Set in Cardiff, Es and Flo have secretly been in a relationship since they met at the Greenham Common Women’s Peace Camp in the 1980s. At 71, Es’s memory is fading and her son Peter (who is never seen in the play), is trying to separate the couple by firstly bringing in an unannounced carer, which is to be followed up with the long term goal of moving his mother into a care home.
Es and Flo are fictional characters but in reality the movement against the use of nuclear weapons was started by 36 Welsh women who, on 5th September 1981, marched from Cardiff as the “Women for Life on Earth,” against the British government’s decision to allow cruise missiles to be stored on British soil. They arrived on RAF Greenham Common in Berkshire, and within a year there were over 30,000 women camping and demonstrating on site.

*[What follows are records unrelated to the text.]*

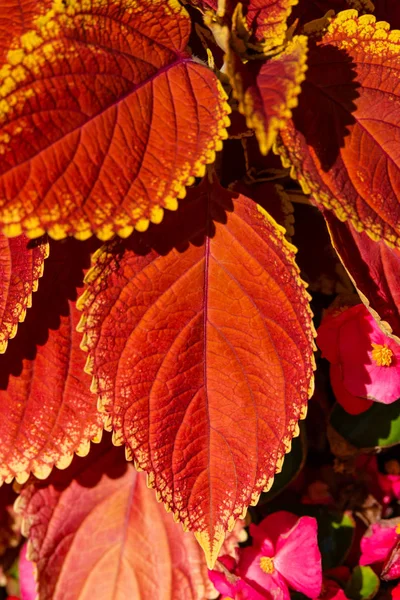 Schöne Rote Blätter Herbst Als Hintergrund Nahaufnahme Details — Stockfoto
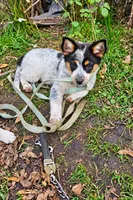 ACE, a female Australian Shepherd for sale in Mabel, MN – 10 of 10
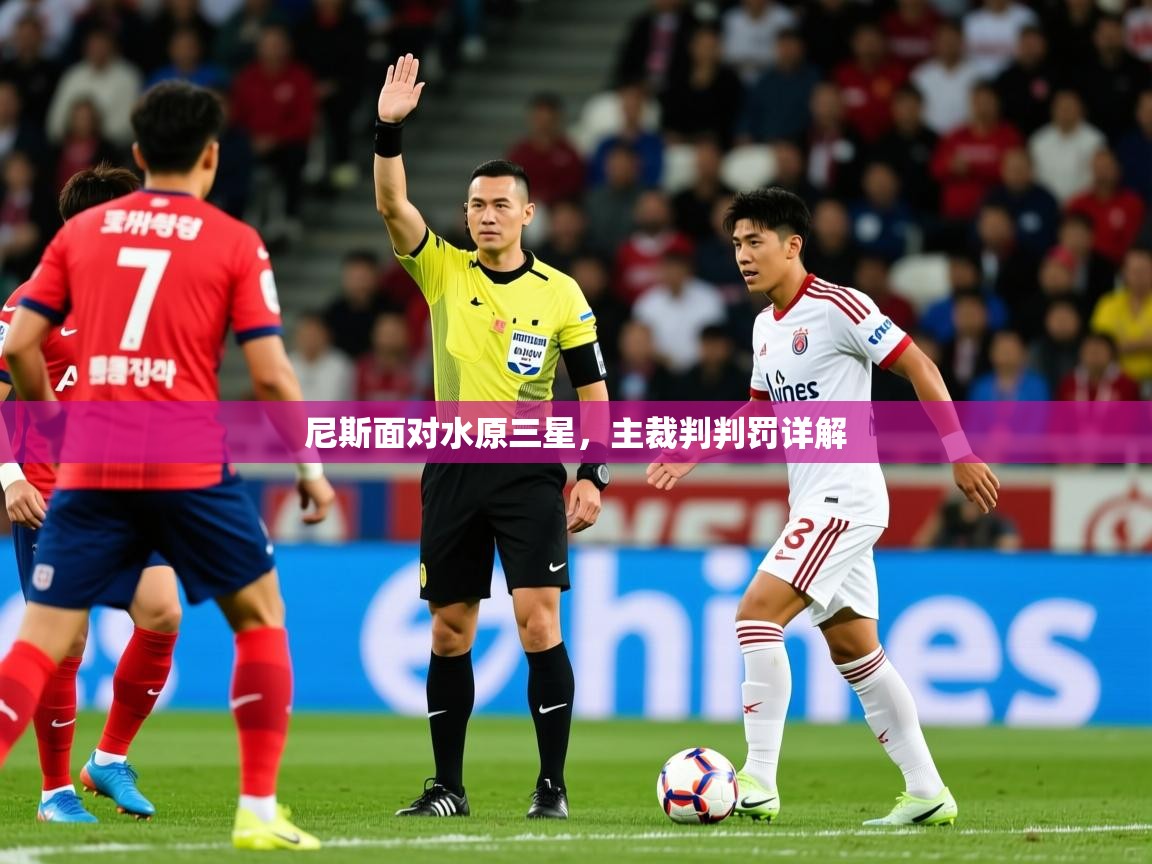 尼斯面对水原三星,主裁判判罚详解 第2张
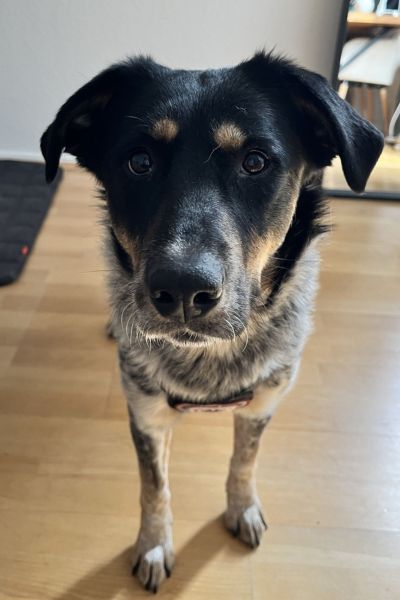 Hündin Malva schaut neugierig in die Kamera.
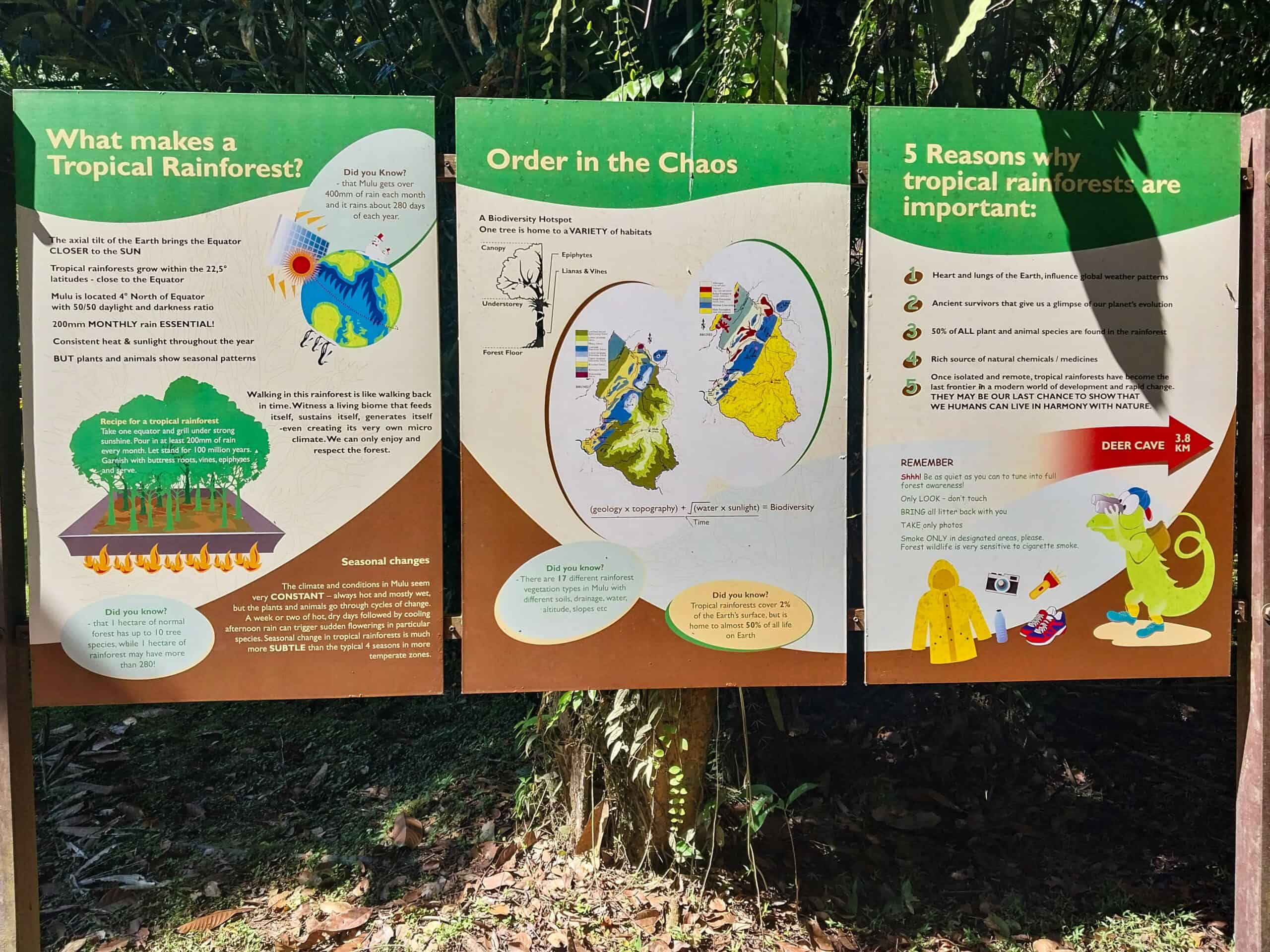 Mulu National Park Sarawak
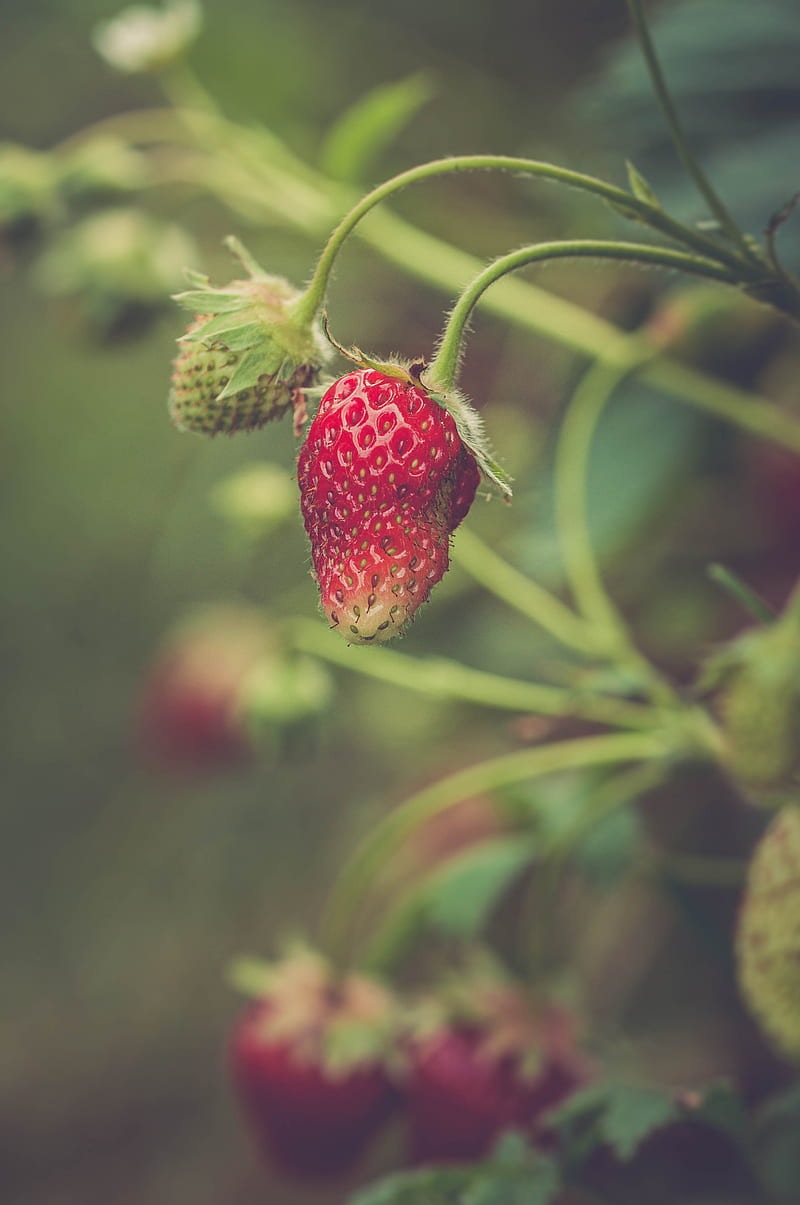 strawberry, berry, plant, leaves, macro, HD phone wallpaper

With the absence of any men on stage, Lunn leaves the women to tell their own stories in their own words, on their own terms.
In Es & Flo the venerable couple cling onto their memories from across the decades, and as Es develops a grandmotherly bond with her carer’s eight-year-old daughter Kasia, it proves to be an important catalyst for the passing on of stories to the younger generation about their life of activism. This intergenerational relationship is given special poignancy when ex-teacher Es reveals she lost custody of her own son due to her involvement in Greenham.
Lunn, won the 2020 Popcorn Writing Award and was 2022 recipient of The Nancy Dean Lesbian Playwriting Award for Es & Flo.
As the elderly titular couple, both Liz Crowther as Es and Doreene Blackstock as Flo, give captivating and heartfelt performances, and the chemistry between them literally radiates from the stage.
Adrianna Pavlovska brings real warmth to a role of Beata the carer, and is mirrored by an endearing performance by Chioma Nduka as her young daughter Kasia. There is also a strong supporting performance by Michelle McTernan as Catherine, the apparent villain of the piece and wife of the permanently absent son Peter.
Es & Flo is tightly directed by Susie McKenna and led by an all-female creative team.